4 Replies Latest reply on Jul 11, 2016 2:37 PM by lonelygoat

    debug / release version of host code behave differently

    lonelygoat

      Hi there,

       

      I am trying to figure out why debug version and release version of my app written in c++ using opencl c++ api act differently. Basically what my app does is:

       

      1. create a few kernels

      2. create a set of buffers

      3. set kernel arguments

       

      then execute these kernels in a loop by repeatedly call clEnqueueNDRangeKernel with a single in order command queue(oddly enough, if I use a new command queue for each command, the outcome changes. commands are properly synchronized of course). There are some read/write commands spread in the queue.

       

      I understand that c++ debug / release version behave differently may happen, but it seems to be pretty simple code in c++ side. I think I may have missed something in host code...

       

      Could any one give me some hints please ? Thanks in advance.

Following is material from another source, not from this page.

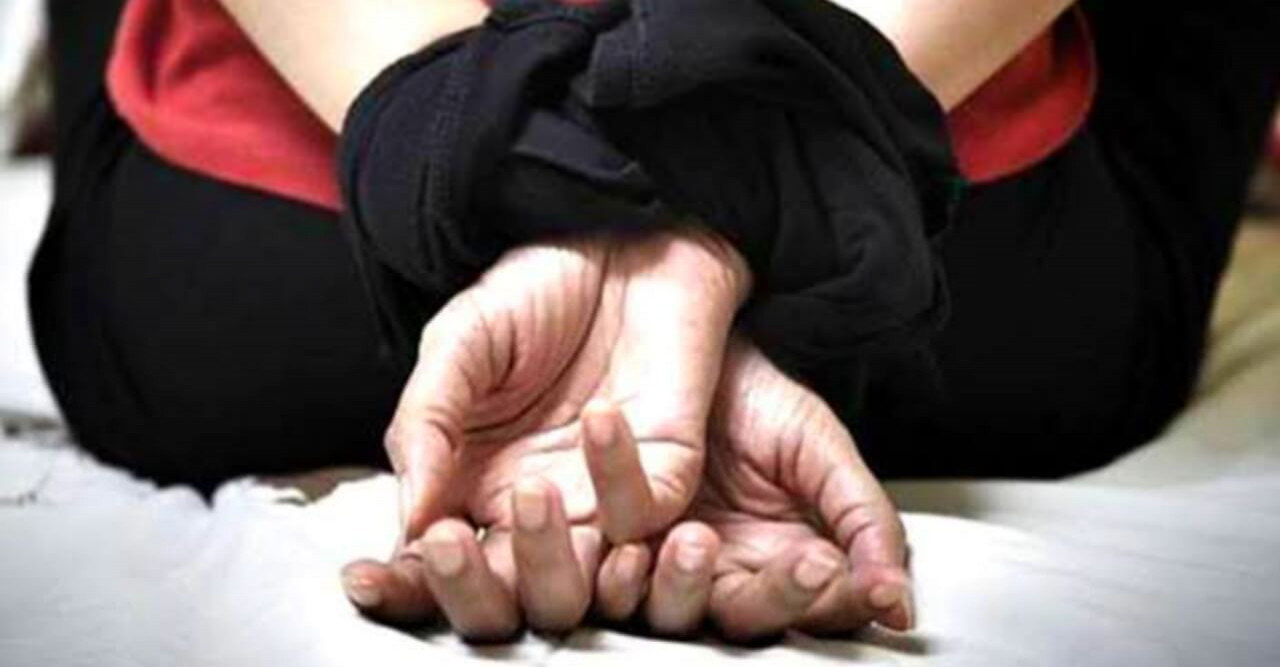 চাকরির প্রলোভনে তরুণীকে গণধর্ষণ - আটক ১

        • Re: debug / release version of host code behave differently
          dipak

          Hi,

          From your above description, it's difficult to suggest anything without knowing what type of difference you're observing or referring. It would be great if you can share your code (host + kernel) and point out the exact problem you are observing. Please also specify your setup details (OS, GPU, driver etc.).

           

          Regards,

            • Re: debug / release version of host code behave differently
              lonelygoat

              Hi kipak,

               

              Thanks for the reply. below are some system info:

               

                  OS: Windows 10 64bit

                  GPU: amd radeon R5 230

                  sdk: amd app sdk 2.9

                  opencl 1.2

               

              there are 4 kernels, simple ones like initializing a buffer work fine. code of the 2 main kernels are pretty lengthy, which are adopted from c code. I have carefully checked them to make sure there are no pointers in struct (I will double check them again later)...

               

              I think the difference between debug / release version is about host code, which should have nothing to do with kernel code since the later is compiled by opencl runtime. therefore, I suspect there are hidden bugs in my host code cause the problem. Basically, in debug version I see approximately correct image produced (but not exactly as I expected), while I only see some dots in blank background in release version. one kernel is running in an iteration many many times depending on input (from thousands, to millions.. kernel code are too long to post here, below are host code that execute the problematic kernel:

               

              It first writes to a buffer to update its content for the kernel to process, then executes the kernel, which will update data in another buffer.

               

              err = pClObj->cmdQ.enqueueWriteBuffer(pClObj->clBuffer, CL_TRUE, 0, numOfItems * sizeof(CL_DATA_INFO), pBufferData);

              //error check and etc.

              err = pClObj->cmdQ.enqueueNDRangeKernel(Kernel, cl::NullRange, cl::NDRange(numOfItems));

              // error check and etc.

              err = pClObj->cmdQ.finish();

              // error check and etc.

               

              the above host code may be executed in a loop like thousands or millions times. each time the content of clBuffer gets updated first, then the kernel is executed. pClObj is a class that compile kernel source, create kernels and set kernel arguments and etc. numOfItems is a configurable number that determines how many data items are to be passed to gpu for processing at a time, which is set to 256.

               

              I use finish() to wait for execution completion is just for updating progress bar, removing it does't change anything. I am wondering if one command queue can be used like this ?  Put some commands in it and call finish() to wait until queued commands finish, then put similar commands in it again and wait for queued commands to finish, and repeat like thousands or millions times ? Is there a limit in the number of commands to be queued in the same command queue ?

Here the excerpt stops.